Offer embed codes with your media to secure backlinks to your site anytime it’s used in another place on the web. Don’t waste your time creating original content if you can’t reap the benefits.
Online content can serve many purposes for its creator or just one. Up until this point we’ve only discussed content strategy as it applies to mass content publishers, but it can be even more difficult to get a singular piece to take flight.

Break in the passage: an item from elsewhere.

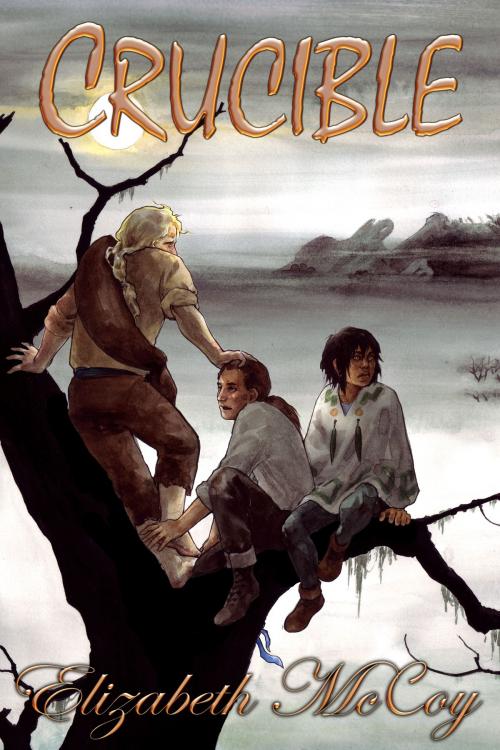 Cover of the book Crucible by Elizabeth McCoy, Elizabeth McCoy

One of my favorite campaigns to happen this year was Jeff Bridges partnership with Squarespace. He created a project called “Sleeping Tapes” which was a short album that featured relaxing hypnotic tracks to help induce sleep. The album was made free to listen to on a landing page built with Squarespace, and all proceeds from album sales were donated to No Kid Hungry.
The domain, dreamingwithjeff.com, only has about 20 pages in all. Despite its size, the site has 4,000 backlinks and a domain authority of 55 nearly tying with ellentube. How can a domain with only 20 pages have as much authority as a popular video hosting platform with more than 300,000 indexed pages?
Quality Over Quantity
Jeff Bridges proves that it’s quality, not quantity, that makes content successful. First, the charity project was newsworthy and gained a lot of attention in the media. This resulted in an outpouring of backlinks from news coverage, giving the domain’s authority a healthy boost.
During this campaign’s launch, advertisements ran on services like Spotify where Jeff Bridges’ soothing voice would tease users to dreamingwithjeff.com to learn more. Granted, Jeff was talking about using Squarespace as much as he was talking about the album in the promotions, but somehow it didn’t feel too pushy. It felt genuine.
All of the promotions and press releases in the world couldn’t make content with a poor landing page experience successful. However, this was not the case with dreamingwithjeff.com. Since the purpose of this campaign was to spread awareness about Squarespace, the quality of the design of the landing page was obviously a top priority for its creators.
The simple homepage contains most of the content and information any user might desire. This makes it the singular URL users need to link to and share, ensuring that all authority is consolidated in one place.
Jeff and Squarespace set out to help the world sleep, spread the word about Squarespace, and establish their work as a single authoritative and viral body of content. With a masterfully executed strategy their goals had been realized, and it was all done with a single landing page.
Going forward we can expect to see more celebrities entering the online realm as content/media publishers. Very recently I was surprised when I clicked on a clickbaity link that took me to Jersey Shore’s DJ Pauly D’s blog. I found that he too was taking a stab at being a content publisher, building authority around his brand in the process. Which celebs do you admire for their content strategy?